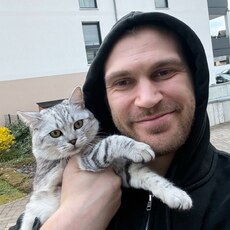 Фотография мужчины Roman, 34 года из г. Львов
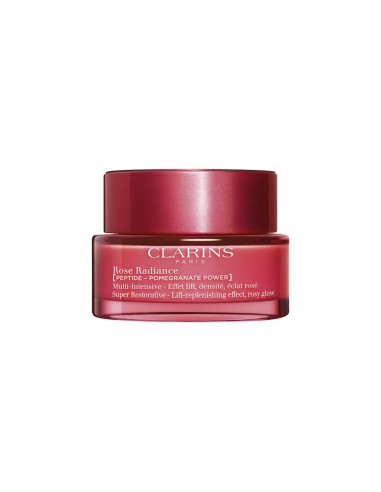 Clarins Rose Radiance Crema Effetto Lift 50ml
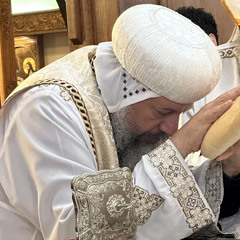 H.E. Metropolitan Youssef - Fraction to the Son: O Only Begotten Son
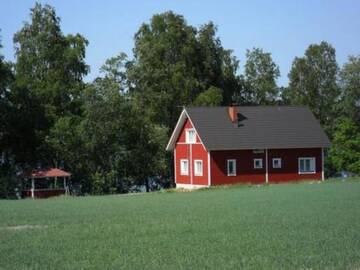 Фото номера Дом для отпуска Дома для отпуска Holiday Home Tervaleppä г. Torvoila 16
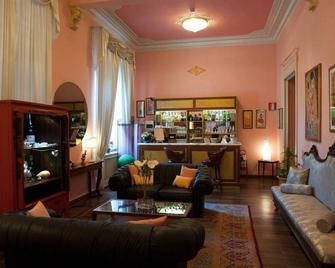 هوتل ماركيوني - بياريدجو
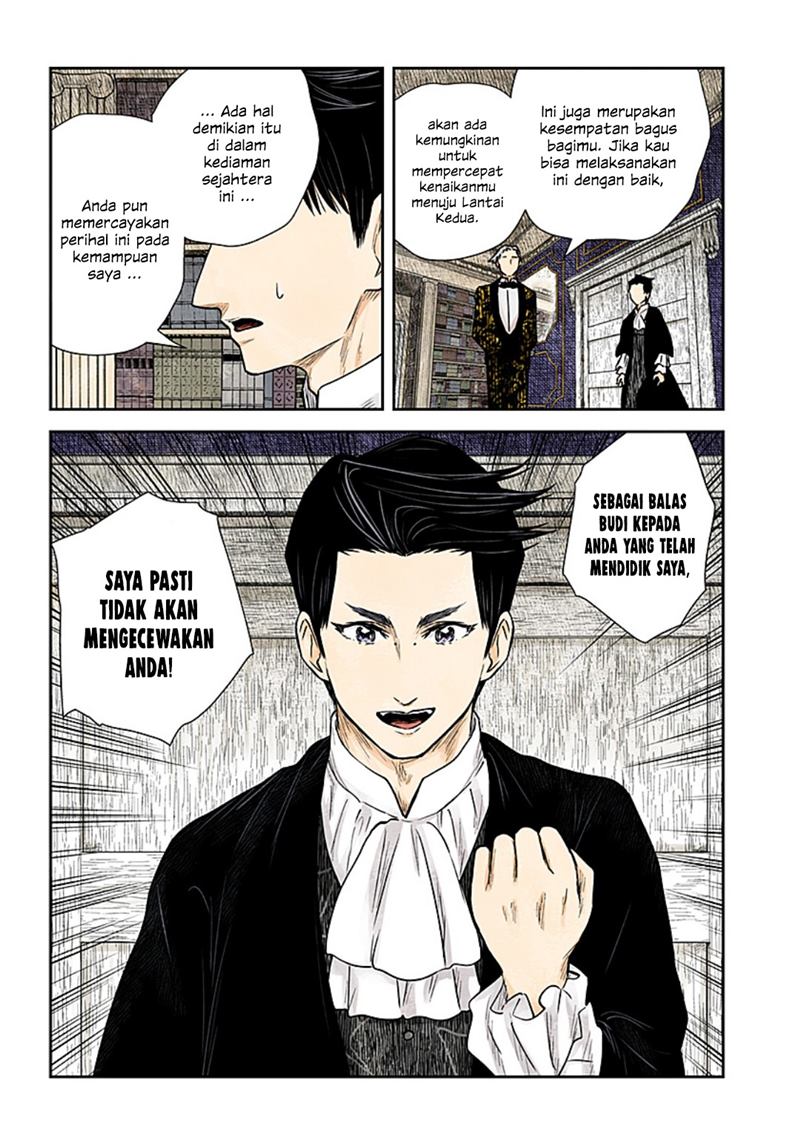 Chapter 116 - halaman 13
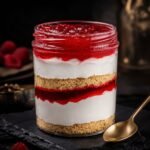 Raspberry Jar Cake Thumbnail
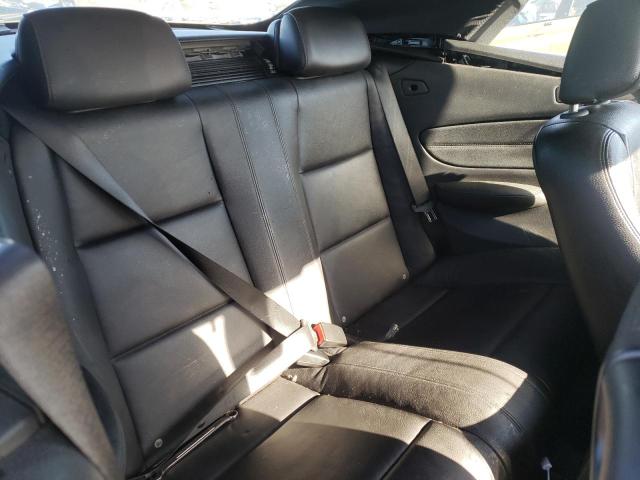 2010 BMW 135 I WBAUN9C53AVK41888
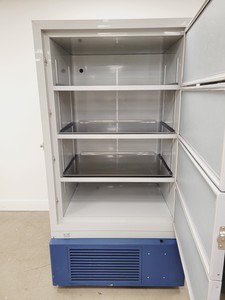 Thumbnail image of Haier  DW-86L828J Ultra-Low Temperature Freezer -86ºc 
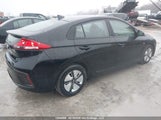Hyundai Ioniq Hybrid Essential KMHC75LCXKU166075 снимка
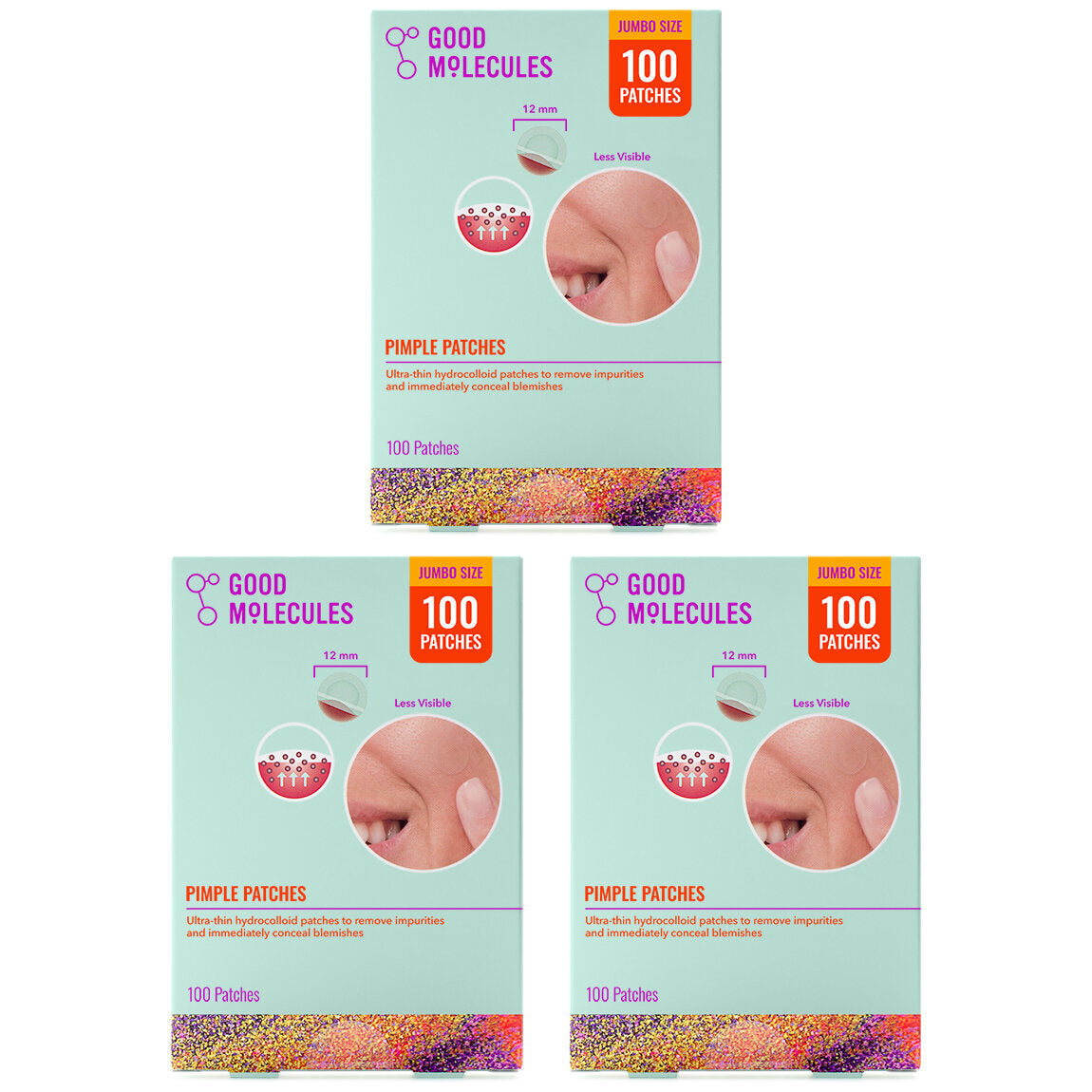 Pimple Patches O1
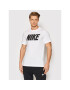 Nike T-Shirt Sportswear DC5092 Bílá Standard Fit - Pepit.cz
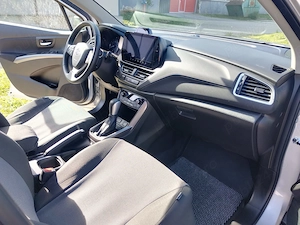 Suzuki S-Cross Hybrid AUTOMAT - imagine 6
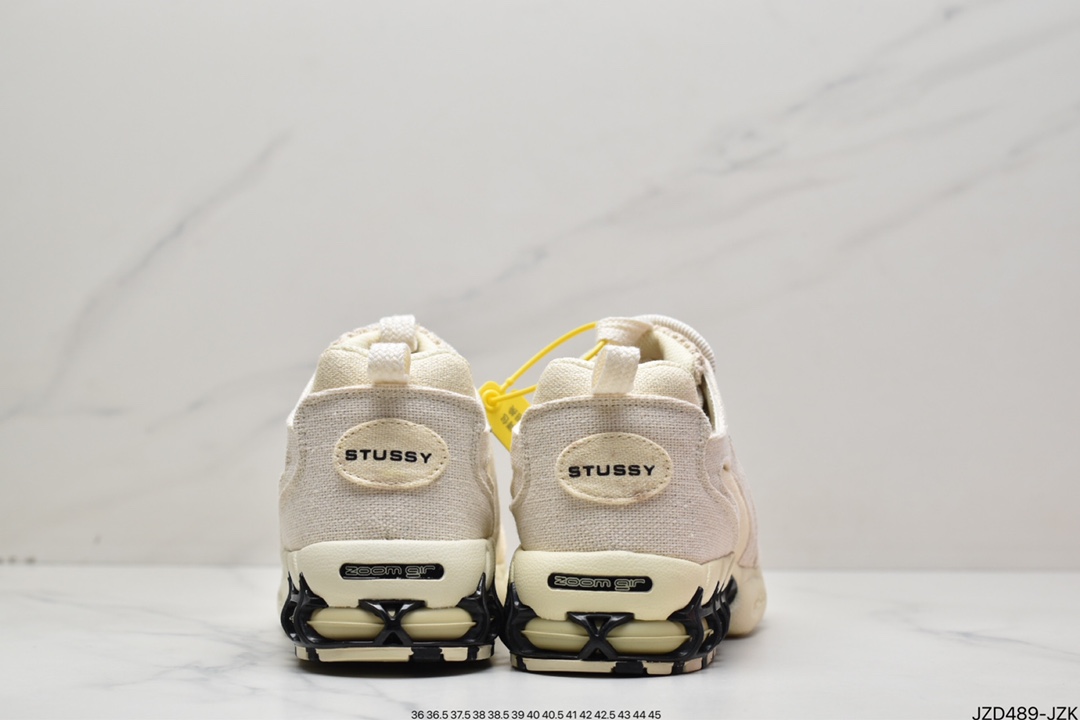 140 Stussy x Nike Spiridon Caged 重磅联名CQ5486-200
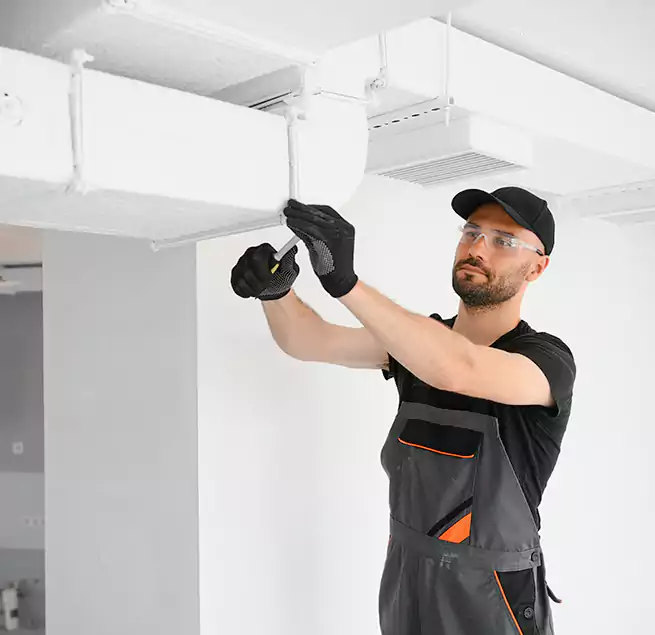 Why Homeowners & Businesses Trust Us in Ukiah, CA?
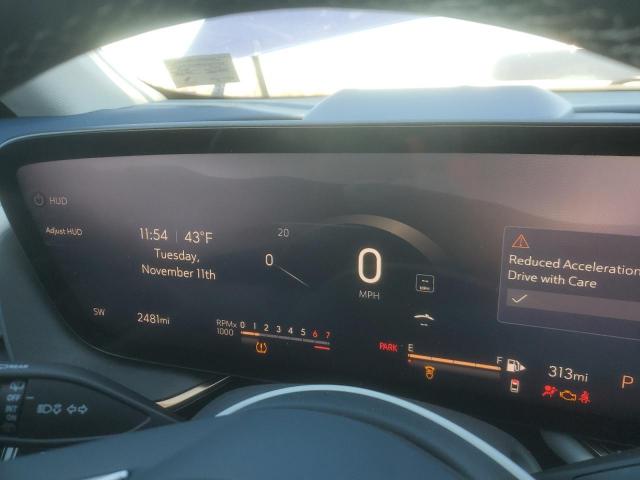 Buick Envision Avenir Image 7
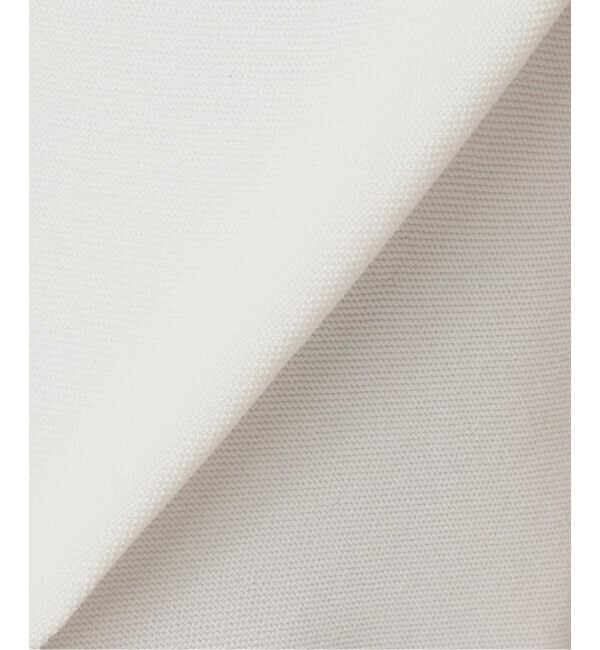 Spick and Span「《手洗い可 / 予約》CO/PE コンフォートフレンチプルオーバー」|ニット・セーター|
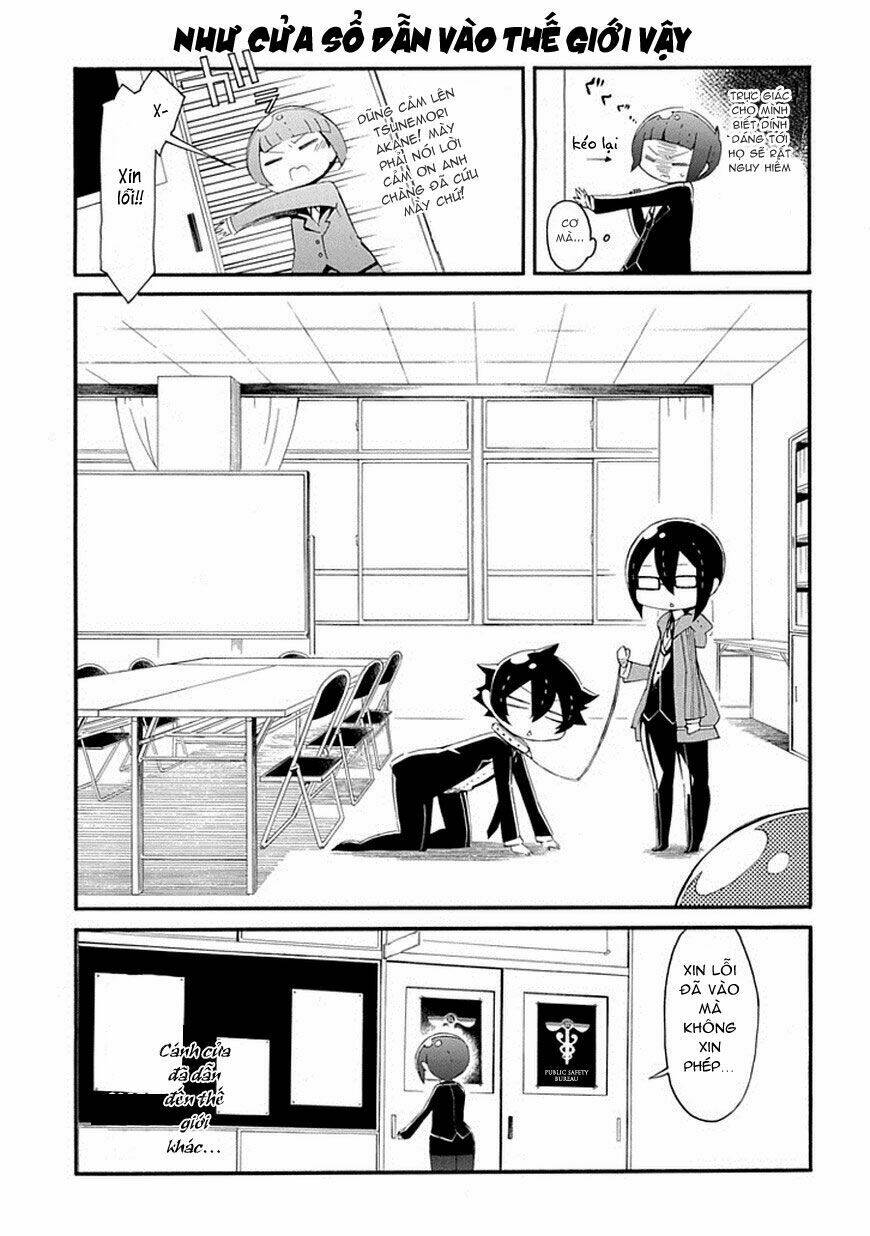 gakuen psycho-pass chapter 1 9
···
# Task instructions
From the first line to the last, copy the records above exactly and drop any pictures.

# Answer section
 Фотография мужчины Roman, 34 года из г. Львов
 Clarins Rose Radiance Crema Effetto Lift 50ml
 H.E. Metropolitan Youssef - Fraction to the Son: O Only Begotten Son
 Фото номера Дом для отпуска Дома для отпуска Holiday Home Tervaleppä г. Torvoila 16
 هوتل ماركيوني - بياريدجو
 Chapter 116 - halaman 13
 Raspberry Jar Cake Thumbnail
 2010 BMW 135 I WBAUN9C53AVK41888
 Thumbnail image of Haier  DW-86L828J Ultra-Low Temperature Freezer -86ºc 
Hyundai Ioniq Hybrid Essential KMHC75LCXKU166075 снимка
 Pimple Patches O1
 Nike T-Shirt Sportswear DC5092 Bílá Standard Fit - Pepit.cz
 Suzuki S-Cross Hybrid AUTOMAT - imagine 6
 140 Stussy x Nike Spiridon Caged 重磅联名CQ5486-200
 Why Homeowners & Businesses Trust Us in Ukiah, CA?
 Buick Envision Avenir Image 7
 Spick and Span「《手洗い可 / 予約》CO/PE コンフォートフレンチプルオーバー」|ニット・セーター|
 gakuen psycho-pass chapter 1 9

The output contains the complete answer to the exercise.